What a difference buttons can make


Not too long ago I posted about Pam Allen’s Comfy Cardigan, published in Clara Parke’s The Knitter’s Book of Wool. It is indeed comfortable. In fact, as I’m writing this I’m wearing Comfy on a chilly Michigan spring evening. But, nice as these wooden buttons are, they were too much button for this sweater. I looked at the sweater and only saw the buttons. Plus, the fabric is is a bit limp and the buttonholes are placed very close to the edge. So, despite my serious sewing impairment, replacing the buttons had to happen.

These Dill buttons, purchased recently at Mary Maxim’s in Port Huron, are a much better fit for this sweater. They are thin and very lightweight. The mottled yellow green works well with the yarn colorway.

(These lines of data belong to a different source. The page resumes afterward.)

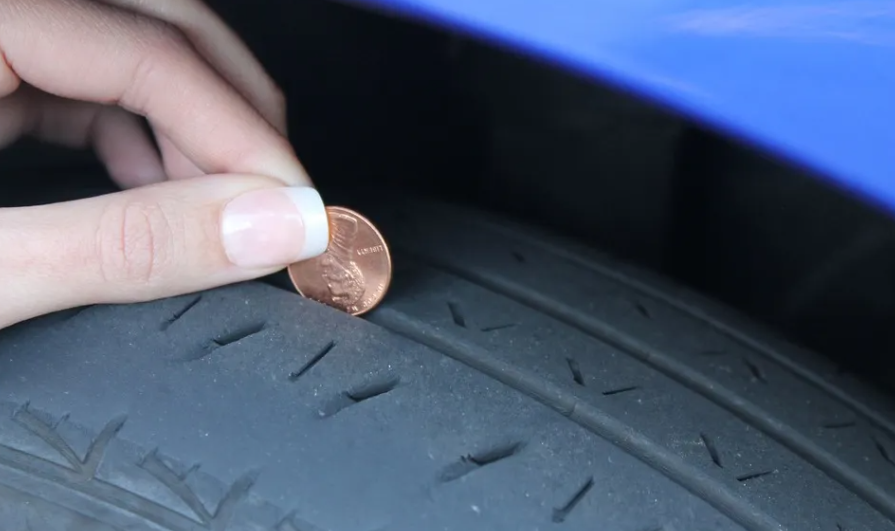 Introduction à un avenir plus sûr : le test officiel d’usure des pneus de voiture 2024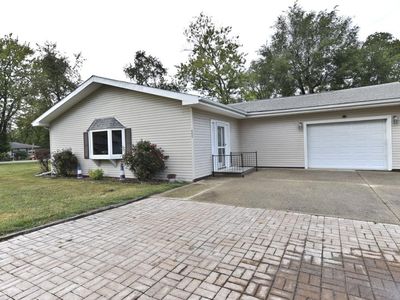 4402 E Rosewood Rd, Decatur, IL, 62521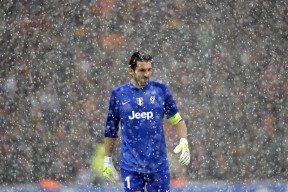 开云官网-雷霆掀翻马刺，保罗在意甲焦点战接管比赛，体育精神的全球交响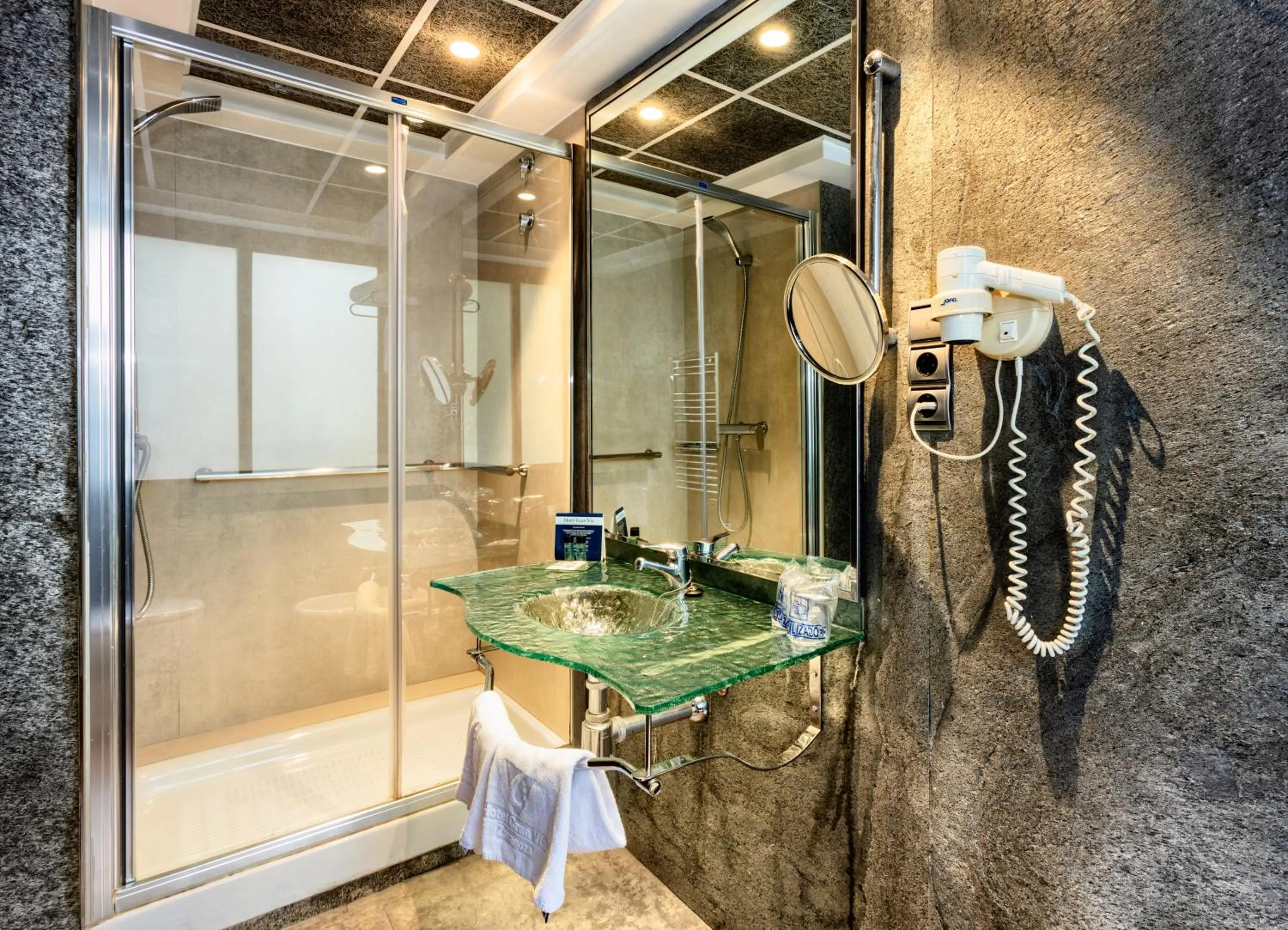 Shower in Hotel Gran Via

Again while shopping at Mary Maxim’s I also found the perfect thread. I did not know that thread came in variegated colors these days. An interesting development and, again, a good choice for this sweater and these buttons.

KBOW’s Comfy Cardigan

I don’t knit many sweaters. And when I do, they aren’t usually for me. But I was drawn to Pam Allen’s Comfy Cardigan from Clara Parkes’s Knitters Book of Wool. A friend knit it and recommended that it was one of her most comfortable sweaters. I’m a fan of slipped stitch and the honeycomb pattern of the bodice looked like it would be fun. It was. Twice.

First, I decided to modify the pattern to make it larger by adding honeycombs. Hmm. It seemed like a good idea, but before I was done I had a sweater with a 79 and 1/2 inch chest. That’s about two Dolly Partons and would not do. In my own defense, the sweater is unusually constructed and I did not understand exactly where I was in it most of the time. You start in the middle of the back with a provisional cast on and work to the edge of the back. Then you make a similar piece for the front. You join the pieces, and that’s where the sizing change occurs. Knit for a bit, cast off for the sleeve cut-out and then knit down to the cuff. Now back to that mid-back provisional cast-on and knit all the same sections for the other side. You pick up hundreds of stitches at the bodice and knit until it’s the length you want. A bit of ribbing, and you’re done.

After my Dolly Parton sojourn, I ripped back almost to the beginning and began again. This time I followed the pattern exactly, for the largest size. I was about 1/2 stitch per 4 inches above gauge, which ended up working out fairly well for me size-wise.

Maybe because of the somewhat lightweight worsted I used, Berrocco’s Vintage, this doesn’t have quite the “body” that might be best. The feel of it is soft and quite nice. But it isn’t doing too well with its rather dainty buttonholes, buttonband, and ribbing. Despite steaming, the buttonband and ribbing is curling some. I will tackle it again with more aggressive steaming.

Rather than shop for the perfect buttons, I used some nice wooden ones I had in my stash. They’re a bit too beefy and I’ll probably swap them out soon for something more lightweight. I’d like the sweater’s honeycomb pattern to catch the eye, more so than my button choice.

This turned to be a rather quick knit, as sweaters go. True to it’s name, it’s very comfy. The side-to-side construction assures that nothing binds.